The last time I posted we were just leaving New Mexico and heading for Arizona, so I have a  LOT to catch up on!  I’ve been a little lazy about posting every night or so since we have been very busy during the day and I can’t stay awake too long at night.  Just think–hours of very hot, arid, busy outdoor sightseeing almost everyday, traveling in the interim,  and you can see why getting back to our nice, cool RV each night is heavenly.  We have seen some amazing things so here goes!

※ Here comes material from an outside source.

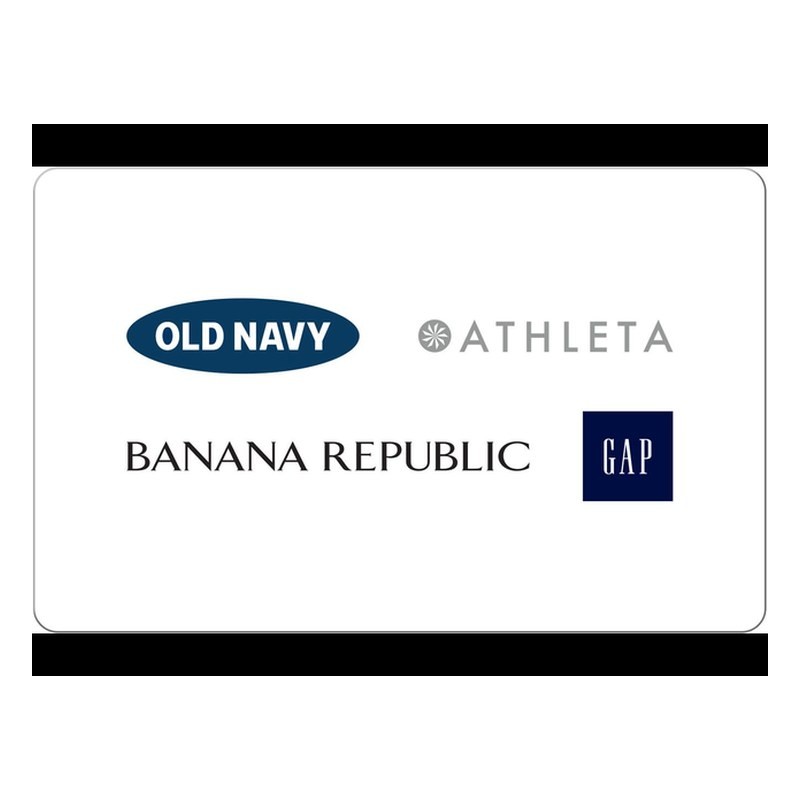 GAP Options $50 eGift Card (Email Delivery): Up to 23% Off at Newegg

By the way (this is for you, Sammy!), one amazing thing we HAVEN’T seen are the RATTLESNAKES.  We see warnings everywhere, flyers, movies of these evil creatures slithering though the grass, pictures (just in case we don’t know what to look for), and scary stories, but so far that’s one kind of wildlife we haven’t encountered.  Hopefully, it will stay that way!  This is especially miraculous since after your Pappaw had rattlesnake for lunch that day I thought the whole rattlesnake family would be after us.  And according to what we hear there’s a whole bunch of those critters in Arizona.   But maybe it’s just the New Mexico rattlers who are a bit perturbed!!  In the meantime, we are being very careful when venturing outside!

Petrified Forest and Painted Desert National Park.  I had no idea exactly what this national park had in store for us but it was a winner—and the name says it all!   Our base for visiting this park was Holbrook, Arizona– just a few miles from the entrance to the park.  Ashley thought the phrase “petrified forest” sounded a little ominous, and it does if you think of scary witches randomly flying around doing nasty little tricks to innocent trees.  But the actual truth of the matter is that what really happened was even more improbable.  It all started long ago in the Triassic period (let’s think dinosaurs here) when the quiet but astonishing desert and mountains we encountered were teeming with wildlife like we have not and will never see again.  There’s a lot of science and research ongoing here that people like paleontologists can spend their entire career studying, but let’s just boil it down and say that water washed a BUNCH of trees into the plains where they were covered for many thousands of years with silt and a wide variety of minerals which resulted in a miraculous event where the trees became petrified.  And when I say petrified, the trees actually turned to stone–beautiful colors and swirls and glistening stone that captures your attention in the intricacy and variety of each fallen tree.  Covering roughly 147 square miles, even after years of being vandalized and stolen prior to the area’s designation as a National Park, that is a lot of trees.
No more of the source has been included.